I imagine being a seagull is pretty rad because it’s basically just endless fries and permission to scream whenever you want.
Three ladies were on a flight when suddenly the captain announced, "Please prepare for a crash landing!" The first lady put on all her jewelry. Surprised by this the other ladies questioned her actions.
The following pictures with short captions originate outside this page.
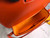 Goyard 2MMLTY01CL01P Belvedere MM Bag GY020183 Orange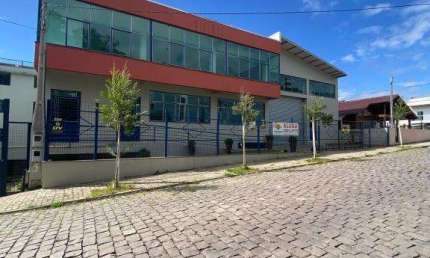 Barracão / Galpão / Depósito para alugar na Ana Rech, Caxias do Sul 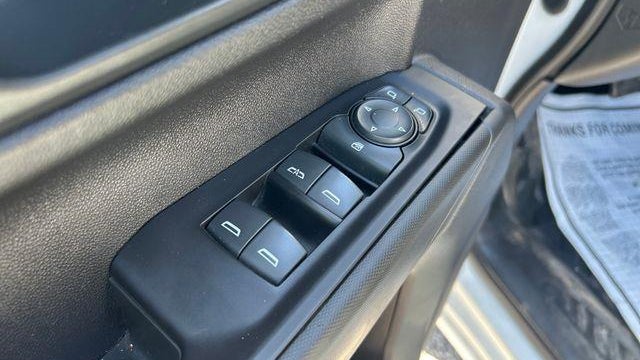 2019 GMC Sierra 1500 Base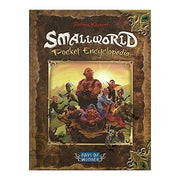 Small World: Pocket Encyclopedia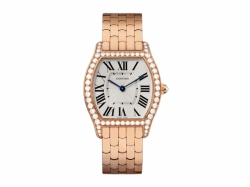 Cartier Tortue WA501012 Mid-Size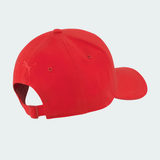  Mũ Lưỡi Trai PUMA x Ferrari SPTWR Style - Màu Đỏ - 02400602 
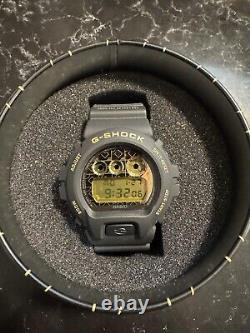 Baseballism x G-SHOCK Édition Limitée Walk-Off TOUT NEUF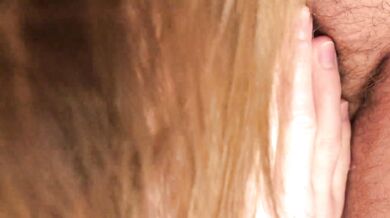 Friend's Hot Mom Took My Virginity - Russian Amateur with Conversations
The first lady said, "Well when they come to rescue us they will see that I am rich and will rescue me first." The second lady not wanting to be left behind, began to take off her top and bra. "Why are you doing that?" the other ladies questioned "Well when they come to rescue us, they will see my great tits and will take me first." The third lady who was African, not wanting to be out done took off her pants and panties. "Why are you doing that?" the other ladies questioned. "Well they always search for the black box first?"
I bought a deodorant stick today. The instructions said, “Remove cap and push up bottom.” I can barely walk but when I fart the room does smell lovely.
A German tourist jumped in the freezing water to save my precious little dog who was drowning, after he climbed out he handed me the dog and said “here is ze dog keep him warm and dry him off he vill be fine” I said “are you a vet?” He replied “vet?.. I’m ****ing soaking
Wouldn't the song "Love really hurts without you" by Billy Ocean be a great choice for a Vaseline advert.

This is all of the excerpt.